[INFORMATION GIVEN — start]
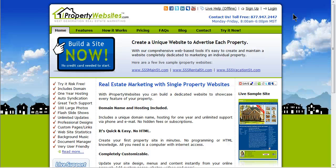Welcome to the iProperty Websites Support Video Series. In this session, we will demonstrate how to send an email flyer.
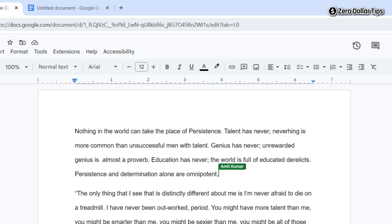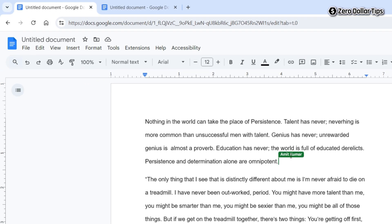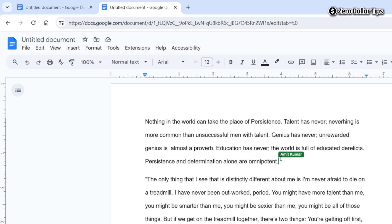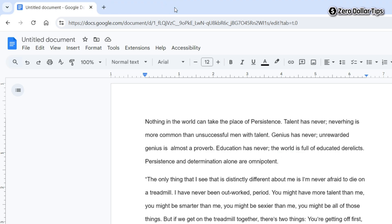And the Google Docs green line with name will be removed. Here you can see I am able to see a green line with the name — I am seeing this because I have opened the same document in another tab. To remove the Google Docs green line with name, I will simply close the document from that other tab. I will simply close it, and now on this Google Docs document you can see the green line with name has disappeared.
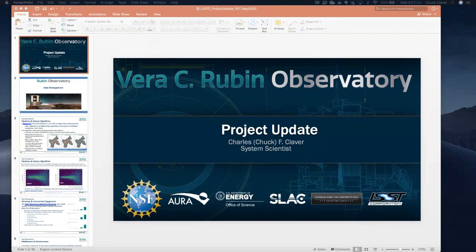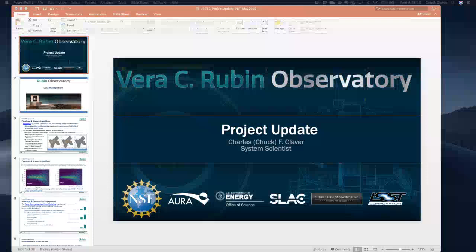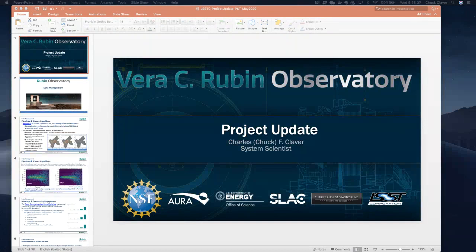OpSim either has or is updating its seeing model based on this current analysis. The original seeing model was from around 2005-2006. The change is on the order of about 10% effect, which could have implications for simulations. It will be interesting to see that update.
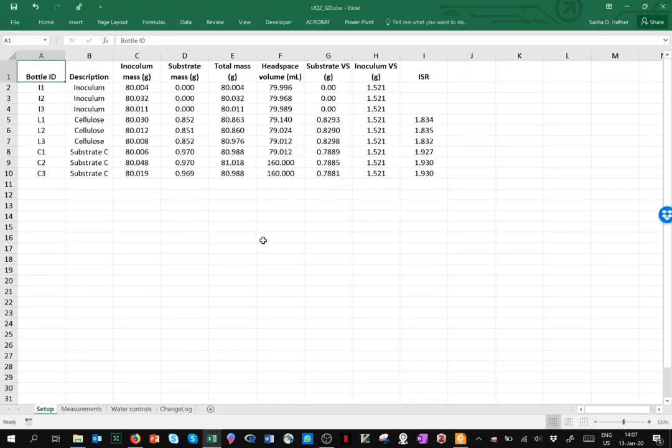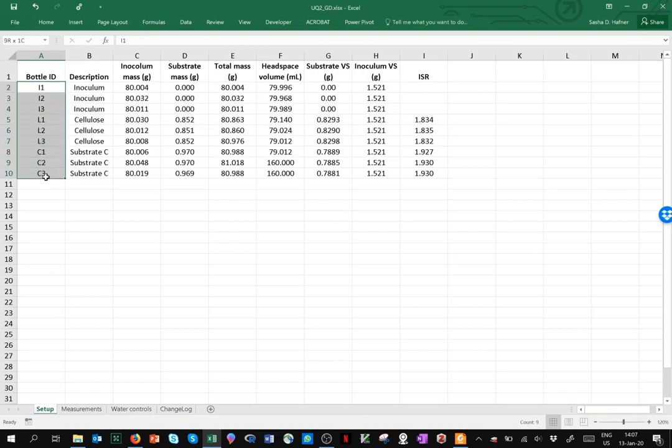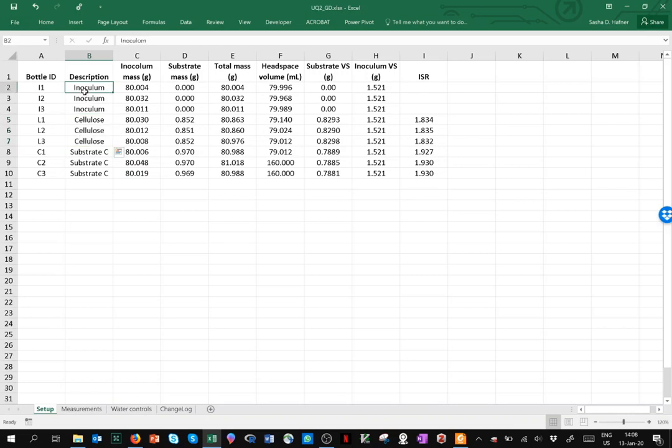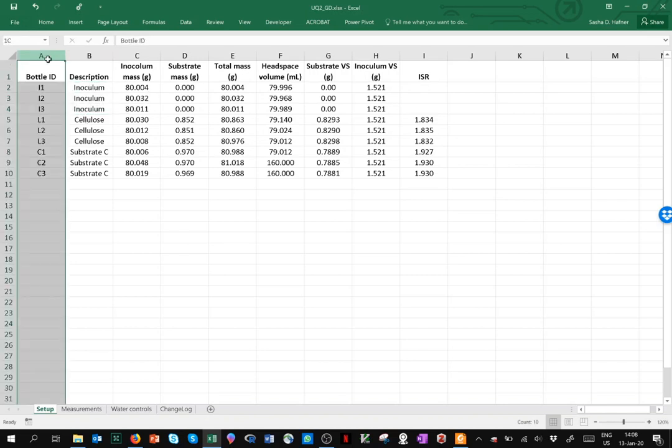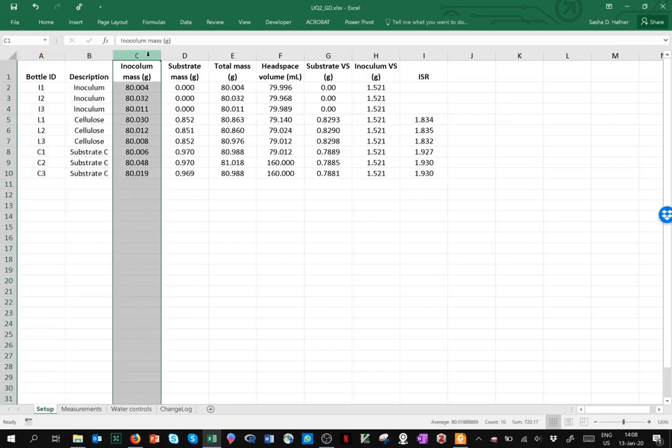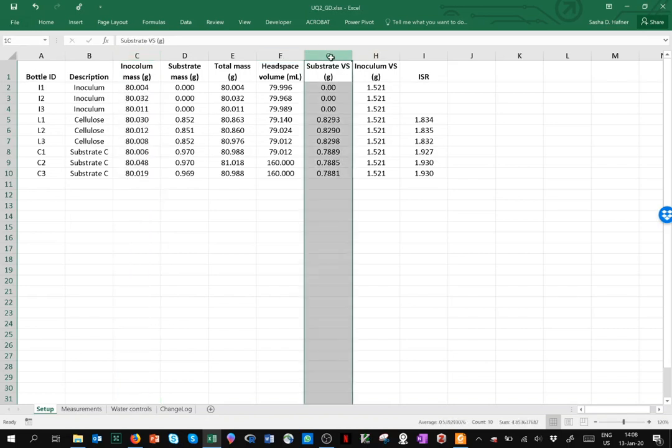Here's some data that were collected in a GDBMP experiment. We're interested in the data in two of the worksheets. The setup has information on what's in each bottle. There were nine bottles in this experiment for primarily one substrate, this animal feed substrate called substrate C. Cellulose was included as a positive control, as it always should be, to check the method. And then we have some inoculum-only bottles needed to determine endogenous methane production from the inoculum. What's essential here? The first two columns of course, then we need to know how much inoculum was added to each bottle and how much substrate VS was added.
[INFORMATION GIVEN — finish]
[INFORMATION GIVEN — start]
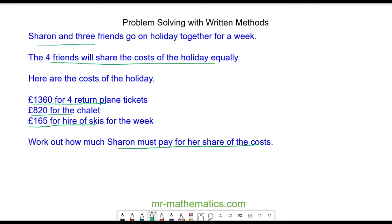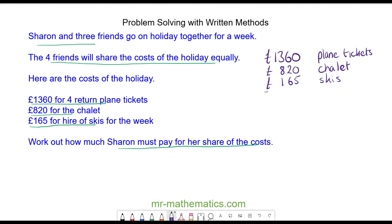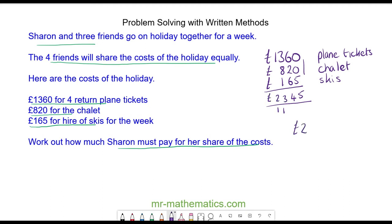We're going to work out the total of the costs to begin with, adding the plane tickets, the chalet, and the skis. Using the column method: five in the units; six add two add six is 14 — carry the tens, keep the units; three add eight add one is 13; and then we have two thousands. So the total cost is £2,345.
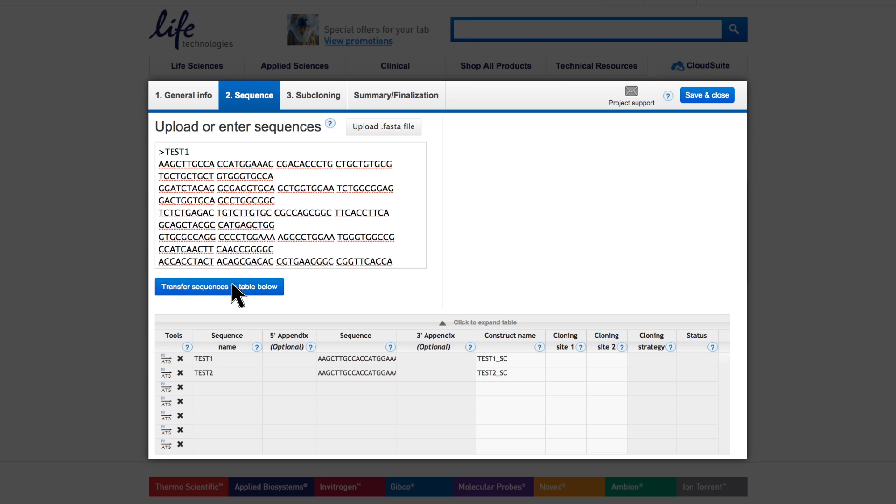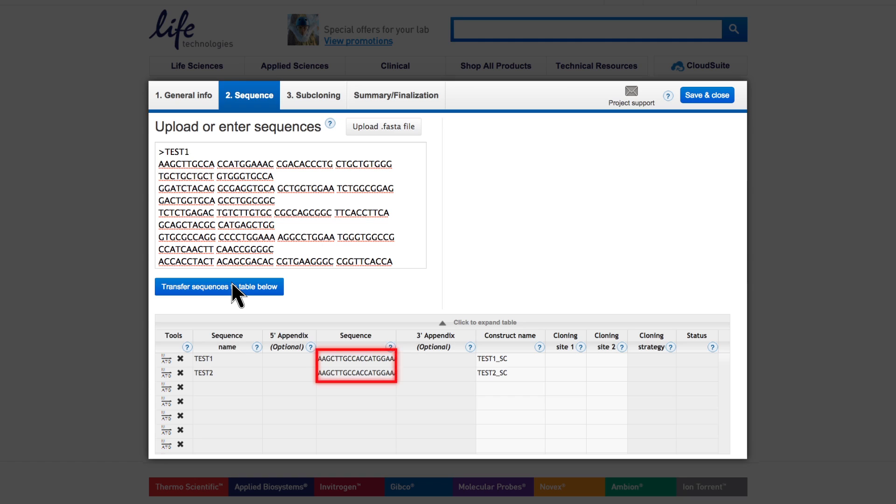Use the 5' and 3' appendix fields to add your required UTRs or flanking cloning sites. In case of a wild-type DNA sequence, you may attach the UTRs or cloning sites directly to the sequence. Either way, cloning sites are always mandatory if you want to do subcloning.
[INFORMATION GIVEN — finish]
[INFORMATION GIVEN — start]
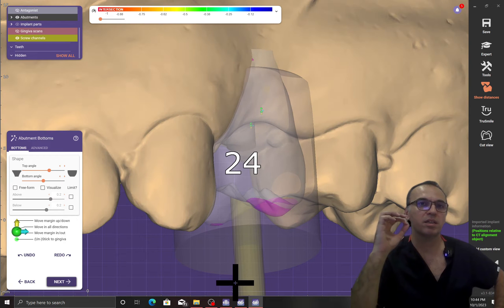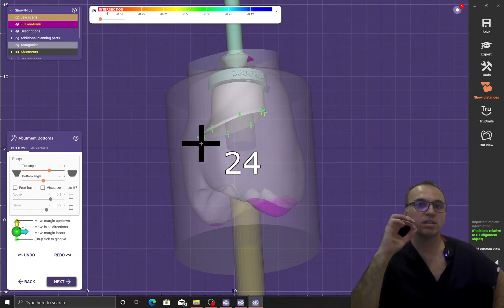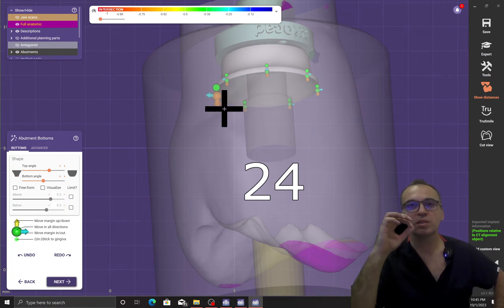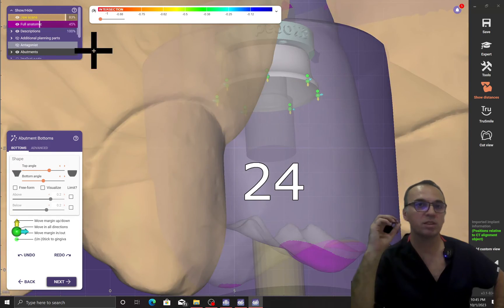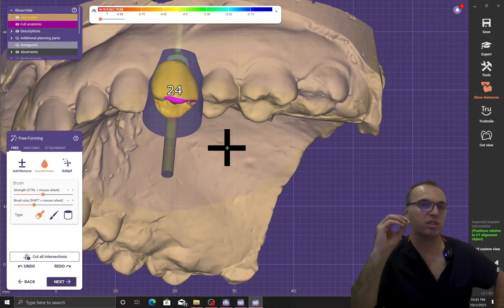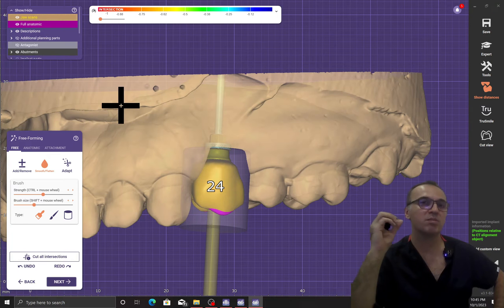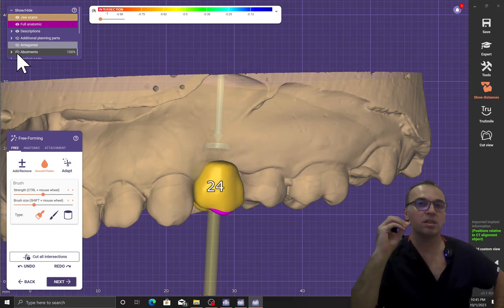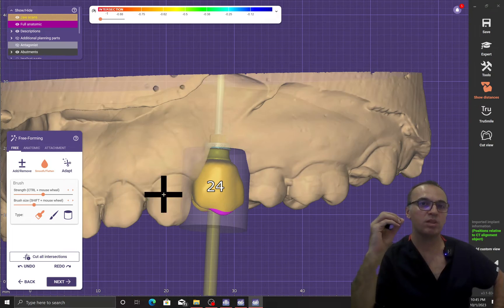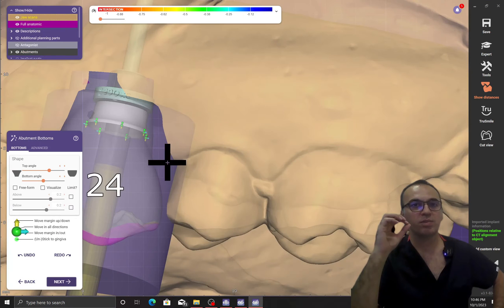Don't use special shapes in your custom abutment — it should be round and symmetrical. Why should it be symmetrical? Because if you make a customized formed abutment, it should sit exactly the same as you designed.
[INFORMATION GIVEN — finish]
- [WHAT IS EXPECTED]:
"OpSim either has" marks the first line to copy, and "Here's some data" marks the last. Repeat that stretch above exactly, with no pictures.

- [SOLUTION TO THIS EXERCISE]:
OpSim either has or is updating its seeing model based on this current analysis. The original seeing model was from around 2005-2006. The change is on the order of about 10% effect, which could have implications for simulations. It will be interesting to see that update.
Here's some data that were collected in a GDBMP experiment. We're interested in the data in two of the worksheets. The setup has information on what's in each bottle. There were nine bottles in this experiment for primarily one substrate, this animal feed substrate called substrate C. Cellulose was included as a positive control, as it always should be, to check the method. And then we have some inoculum-only bottles needed to determine endogenous methane production from the inoculum. What's essential here? The first two columns of course, then we need to know how much inoculum was added to each bottle and how much substrate VS was added.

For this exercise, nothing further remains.